### DATA EXTRACT ###

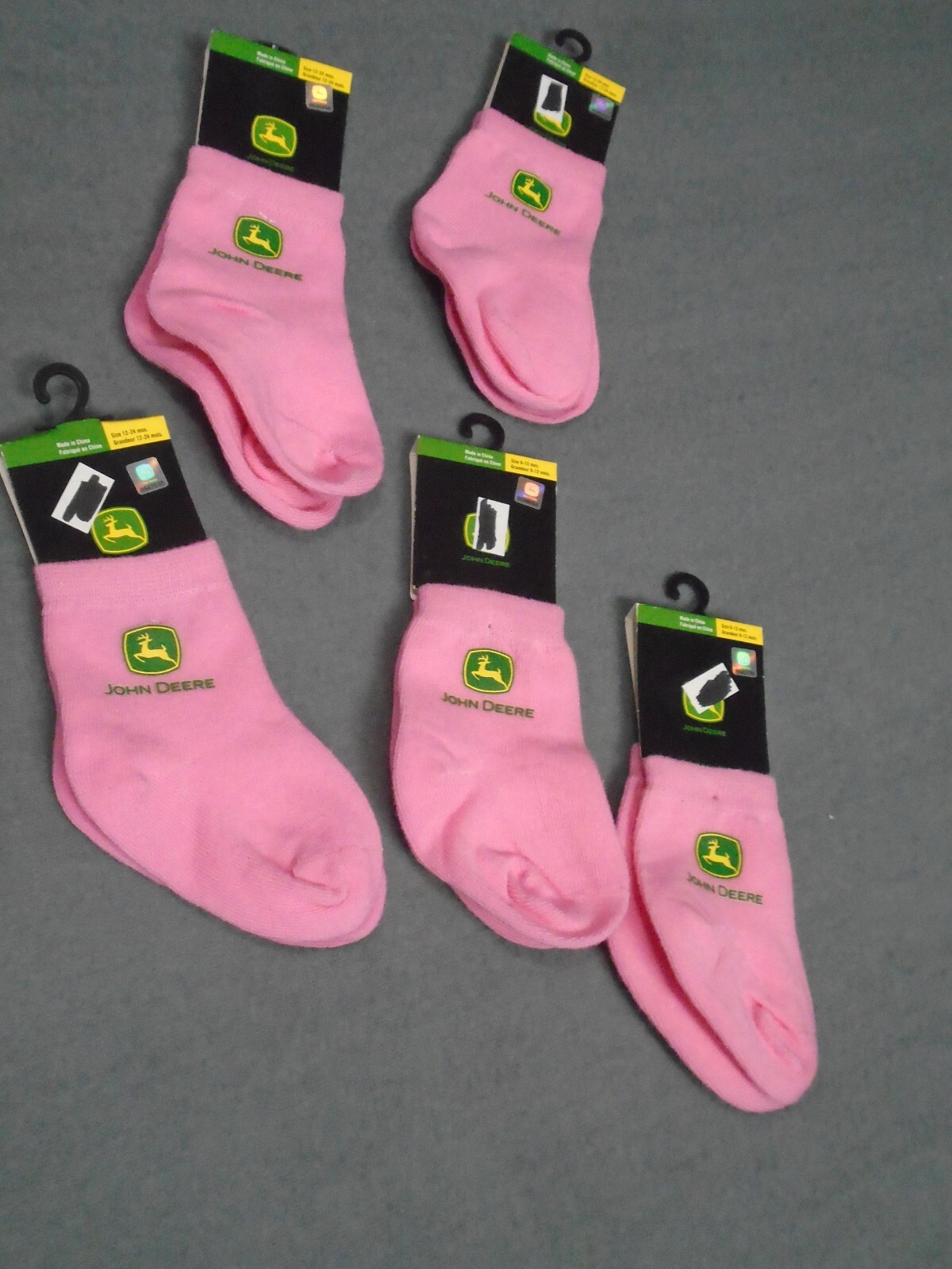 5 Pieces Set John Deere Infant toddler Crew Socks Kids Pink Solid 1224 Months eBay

###
### DATA EXTRACT ###

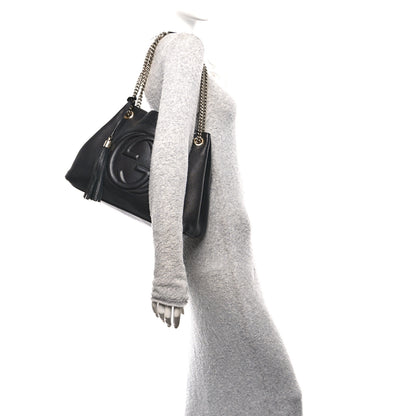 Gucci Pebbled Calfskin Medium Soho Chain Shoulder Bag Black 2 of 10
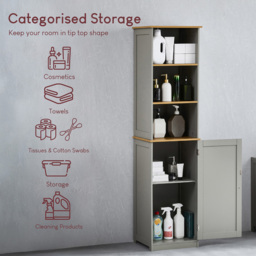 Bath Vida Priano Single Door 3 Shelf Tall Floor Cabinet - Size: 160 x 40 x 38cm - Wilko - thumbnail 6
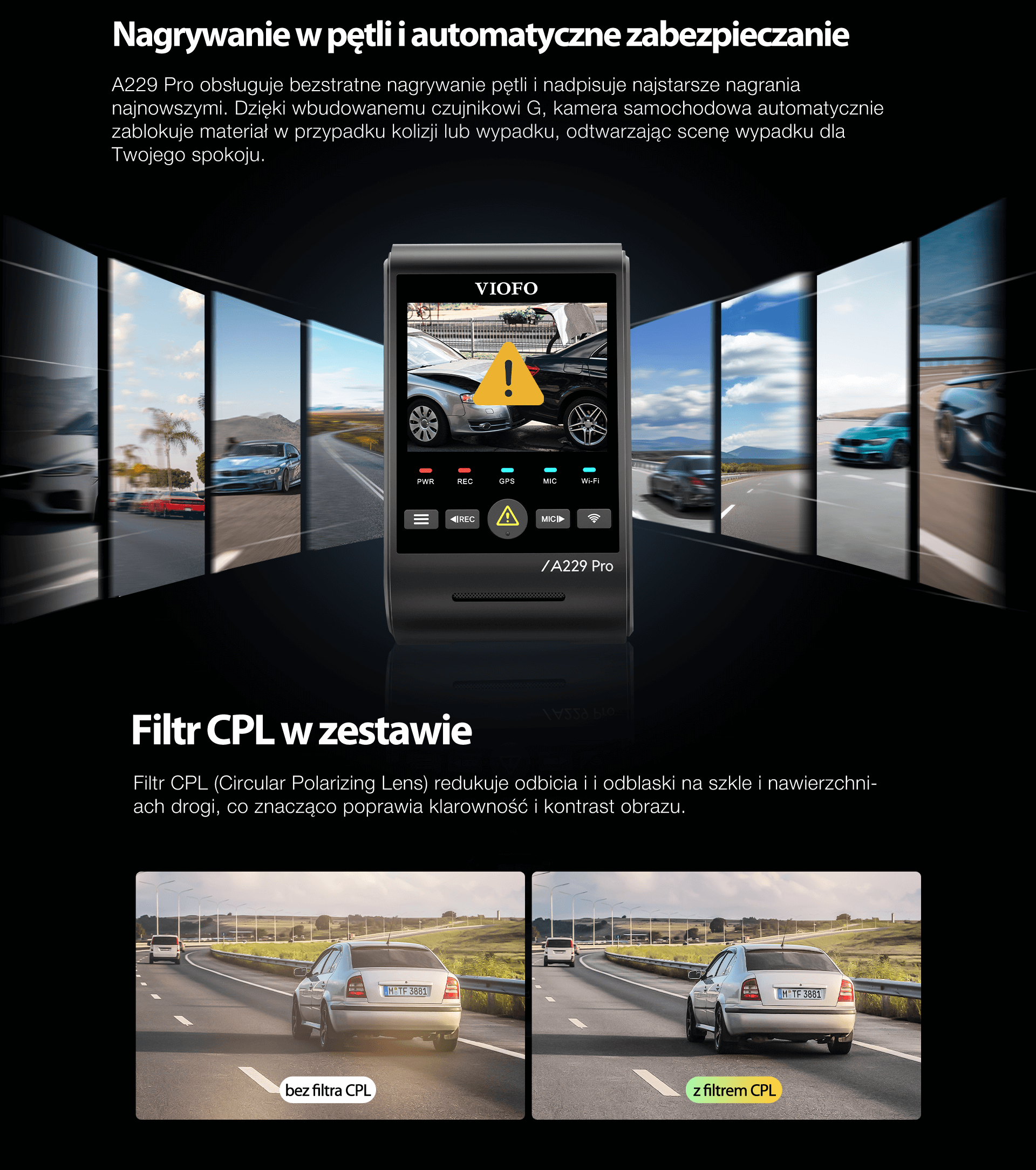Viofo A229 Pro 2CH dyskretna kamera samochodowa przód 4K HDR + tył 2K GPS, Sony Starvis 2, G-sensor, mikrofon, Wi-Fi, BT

###

* WHAT YOU SHOULD DO: Give again the stretch of the entries above that begins at the line with "Gucci Pebbled Calfskin" and ends at the line with "Viofo A229 Pro", word for word, with no pictures.

* EXERCISE RESULT:
 Gucci Pebbled Calfskin Medium Soho Chain Shoulder Bag Black 2 of 10
 Bath Vida Priano Single Door 3 Shelf Tall Floor Cabinet - Size: 160 x 40 x 38cm - Wilko - thumbnail 6
Viofo A229 Pro 2CH dyskretna kamera samochodowa przód 4K HDR + tył 2K GPS, Sony Starvis 2, G-sensor, mikrofon, Wi-Fi, BT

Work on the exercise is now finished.